Some studies indicate that co-mutation may be associated with higher rates of primary resistance to TKIs.37,38 However, the most frequent cause of secondary resistance to these agents is acquisition of a novel resistant mutation which is most often the T790M mutation, present in approximately 50% of cases.39 Progress has been made in overcoming secondary resistance in patients with the T790M mutation by using third-generation EGFR TKIs, such as Osimertinib. Recent results form the ADAURA clinical trial have also shown that adjuvant use of Osimertinib resulted in improved disease free survival (DFS) in patients with EGFR-mutated lung adenocarcinoma, and this has now become the new standard of care.40 In our patient’s case, a clinical response to Osimertinib has been maintained. However, she remains at risk for further progression, at which point next-generation sequencing (NGS) will likely be performed to establish her molecular signature and determine candidacy for further targeted therapy.

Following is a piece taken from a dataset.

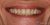 Implant-10 After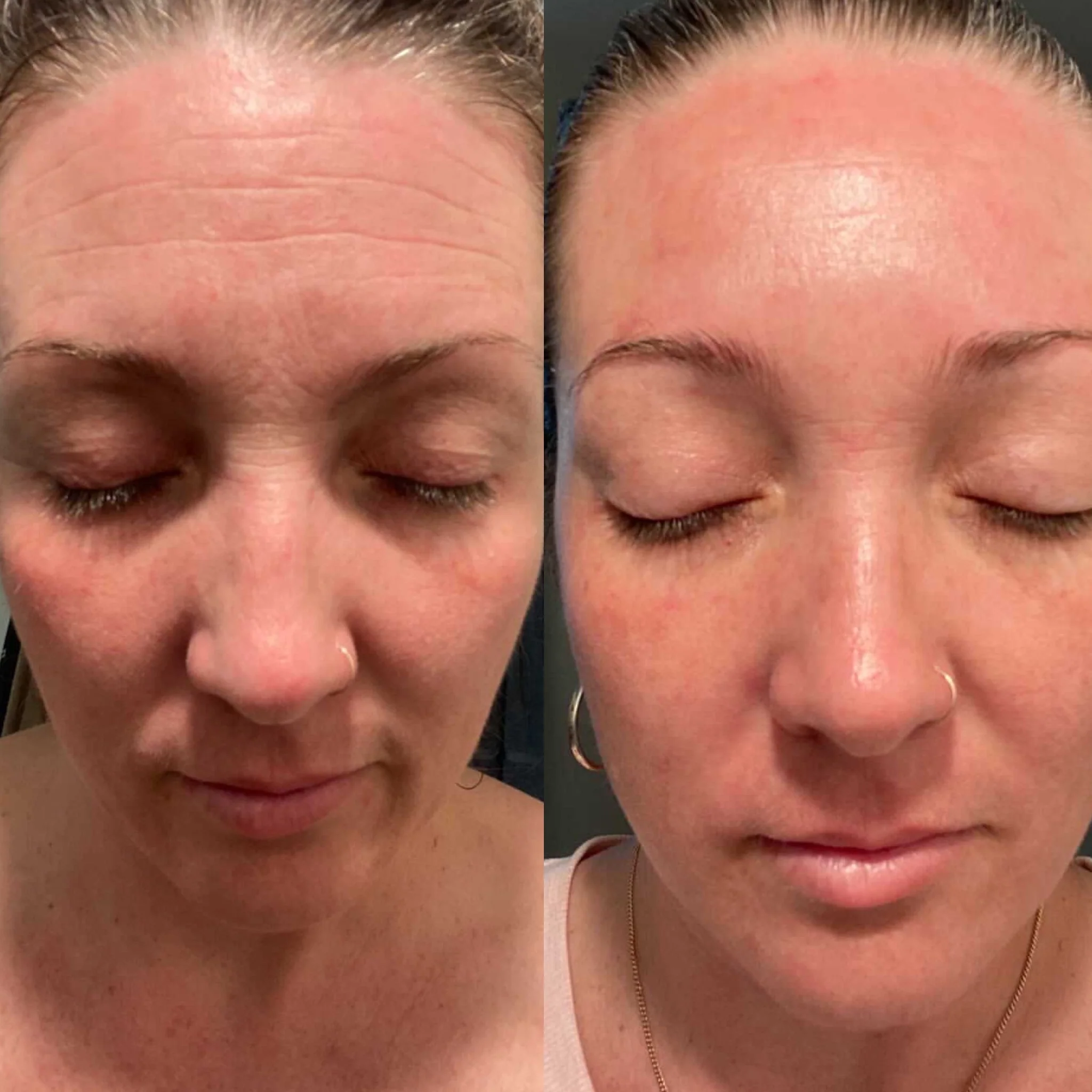 Facial Patches with Rosewater Hydrator Spray - Image 14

There continue to be rapid advances focused on overcoming resistance to third-generation TKIs including the use of combination therapies, antibody–drug conjugates, bispecific antibodies, and even the development of fourth-generation TKIs. We hope that such treatment modalities will be able to provide meaningful and prolonged clinical improvements for patients similar to the one described in this case.